The choice to use materials similar to those for making piñatas for his painting/installation came from two places: fascination and reflection.
Valderas says he’s always been charmed with the piñata, which is why he’s incorporated it into his work. “Back in indigenous world, in Latin America, the custom of using piñatas was co-opted by Spaniards as a way of attracting the locals toward Catholicism,” says Valderas. “That’s always had me fascinated and has inspired me to make my work piñata-based in elements.”
Today, piñatas are culturally accepted by many cultures and Valderas says that was important too. “Piñatas are really tactile and festive. People are really comfortable with [piñatas] so they won’t be put off. And because of that, maybe people can just sit while they’re in traffic and think about things.”
In addition to being festive, piñatas are also temporary. Valderas constructed the signs in traditional piñata technique, with paper mache and a wooden armature underneath. That means his creations will only last at most a couple of months before they begin to disintegrate, at which point he’ll return to collect the frames. He compares it to the state of Oak Cliff: “It’s this idea of communities slowly disintegrating as what we once knew them as.”
Valderas also believes that his “piñata sign” is a reflective portrait of his community, because he uses Spanish language slang on it. Since the work is intended for members of his own community, he wanted to use their vocabulary. “Saying yeah, it is this slang language, but it’s ours, we own it, it’s something really beautiful,” Valderas says. He considered including English subtitles with the exhibit but opted not to: for non-Spanish speaking visitors, that hurdle to understanding mirrors the everyday struggles of immigrants to understand and adapt to different cultures.
Several of the signs are common expressions, while others could have multiple meanings. One sign features shredded newspapers and, in bright orange and white, the words “Ay Te Miro,” an informal way to say “see you later.” Some are less polite than others: one teal sign reads “Te Jodiste,” or, “You’re screwed.” Many, however, showcase Valderas’ optimism.

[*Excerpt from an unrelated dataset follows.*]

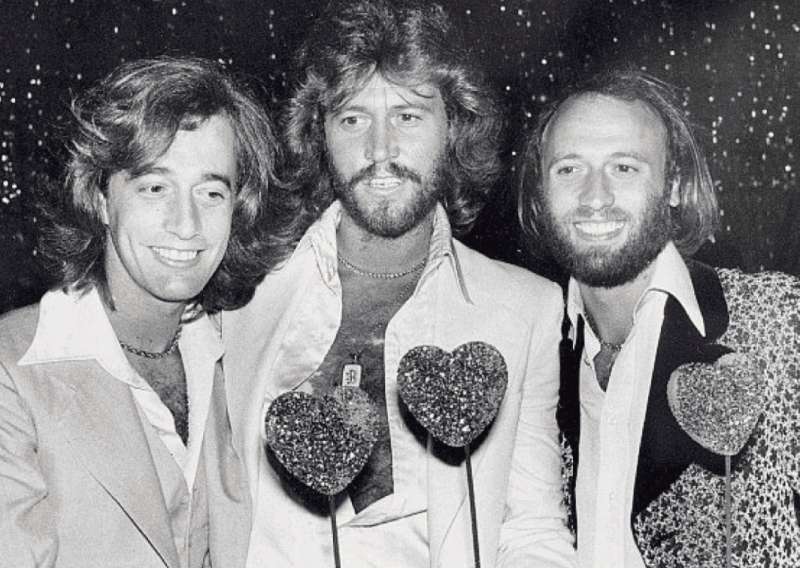 I BEE GEES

Gentrification is a shadow that looms over many communities. Photo: Hady Mawajdeh
One such sign reads “No Hay Pedo.” According to Valderas, “that translates to something like ‘there’s no fart,’ but to native Spanish speakers it means “there’s no problem.” Valderas believes the signs are a powerful symbol of hope. Even if the neighborhood changes, he thinks, everything’s going to be okay. “Gentrification is such a complicated issue and I’m not looking for a solution,” says Valderas, “people who migrate will continue to do so and they will continue to flourish.”

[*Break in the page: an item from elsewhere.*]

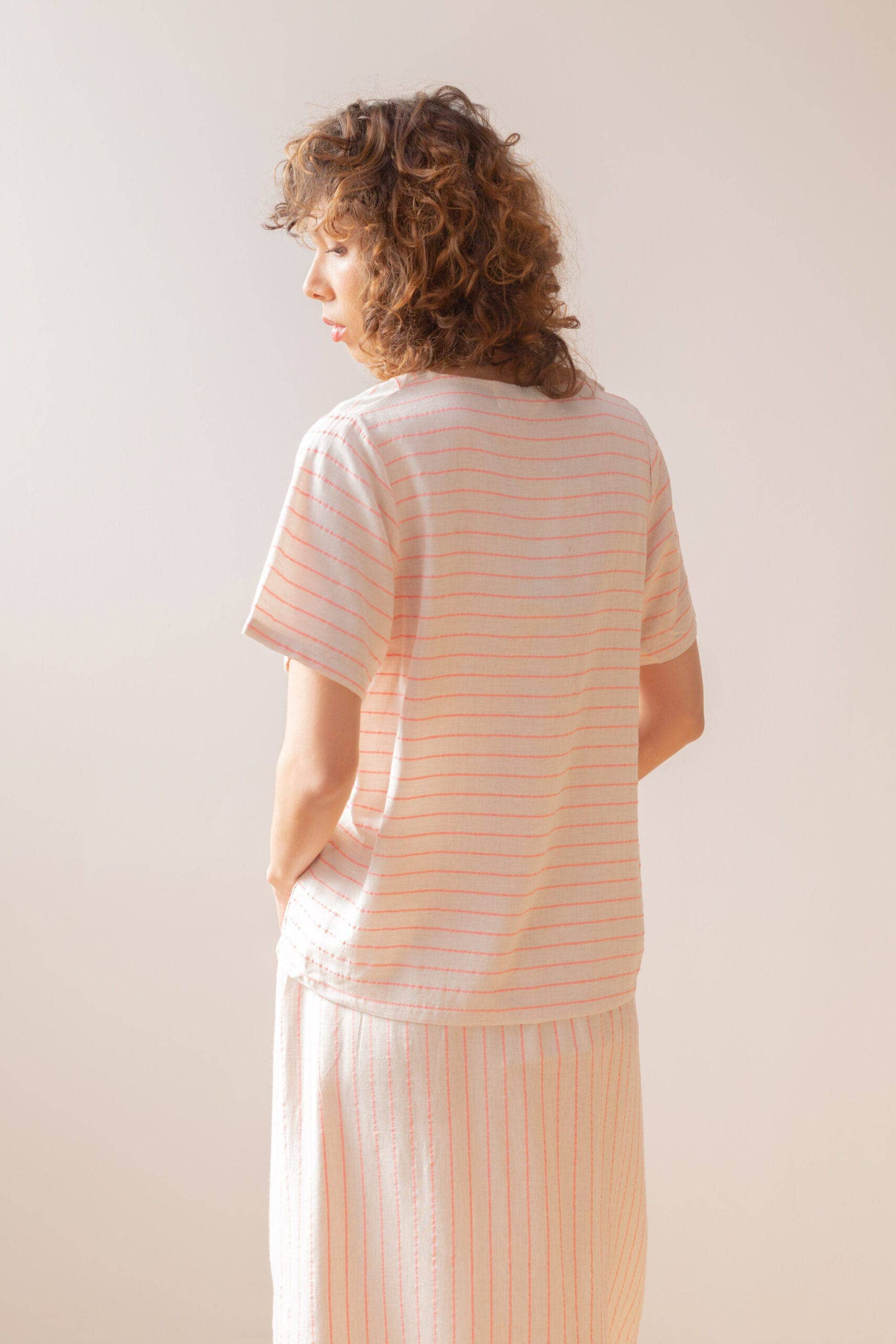 PAN Producto Básico - Wholesale Coat - Women's - Raw blouse with pink stripes1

Conversation, Not Solution
“Forged Utopia” is part of a series of exhibitions at the MAC, which moved from uptown to the Cedars, addressing issues related to gentrification and diversity in the area. Director of the MAC Rachel Rogerson believes that it’s important to consider the gallery’s role in the neighborhood, which has seen a similar urban transformation as the one in Oak Cliff. “I think art is often times a forebearer to gentrification, unfortunately,” she says. But she hopes that the creative nature of the Cedars will prevent the area from filling up with “high rises and expensive apartments.”
Valderas may not solve gentrification, or even seek to, but he is still dedicated to serving the community he grew up in. He says the lack of opportunities for artists of color “weighs heavy” on his mind. In his work on the Cultural Affairs Commission for the city of Dallas, which he stepped down from recently, and as assistant director of the Kirk Hopper Gallery, he has sought to create opportunities for talented minority artists who are working on or talking about relevant topics, like trying to assimilate into American culture.

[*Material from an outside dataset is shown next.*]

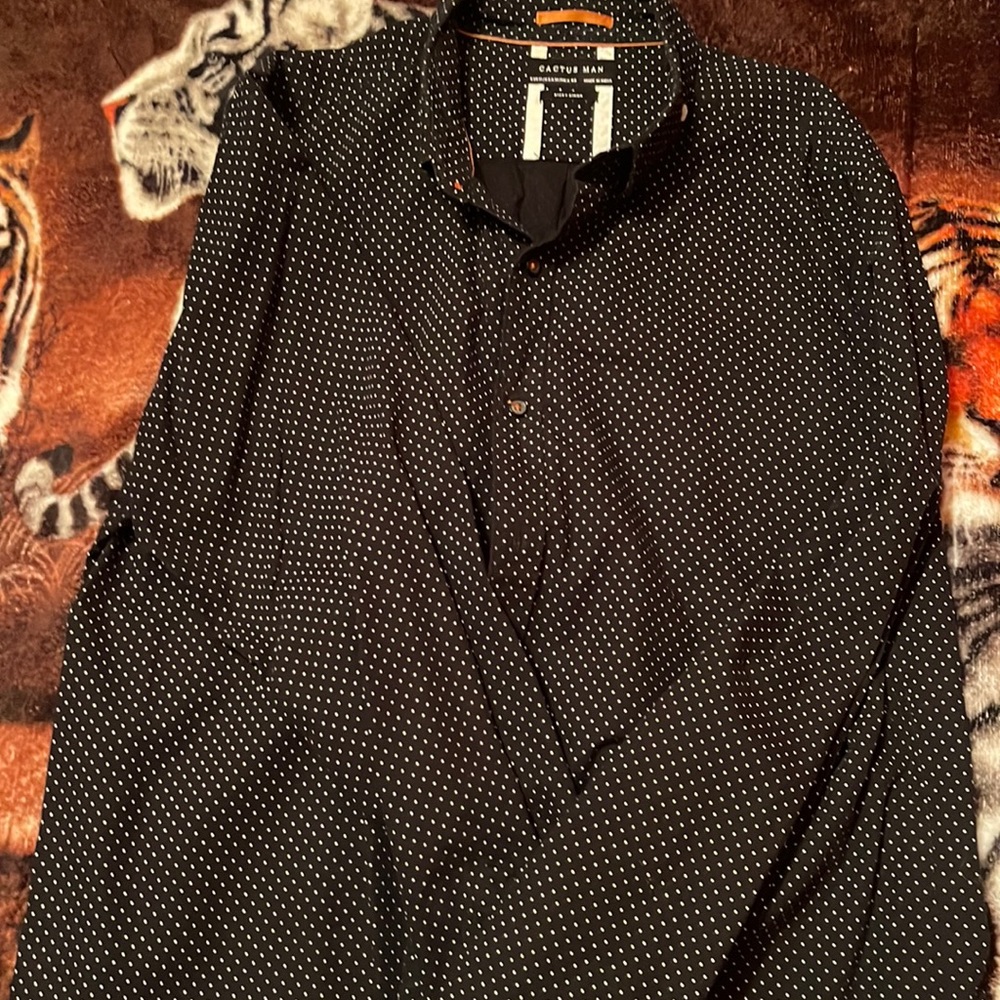 Black long sleeve dress shirt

When it comes to his piñata signs, the public installations are perhaps even more important than the gallery exhibition itself. He wants to reach an audience beyond gallery attendees, and, ultimately, his messages are for the community he grew up in. When he started thinking about how to reach that demographic, he decided that temporary, public art would be the best way to spark conversation.
“If someone stuck in traffic is staring at this thing and can see the links between these two objects that are so different from each other, I’m content with that.”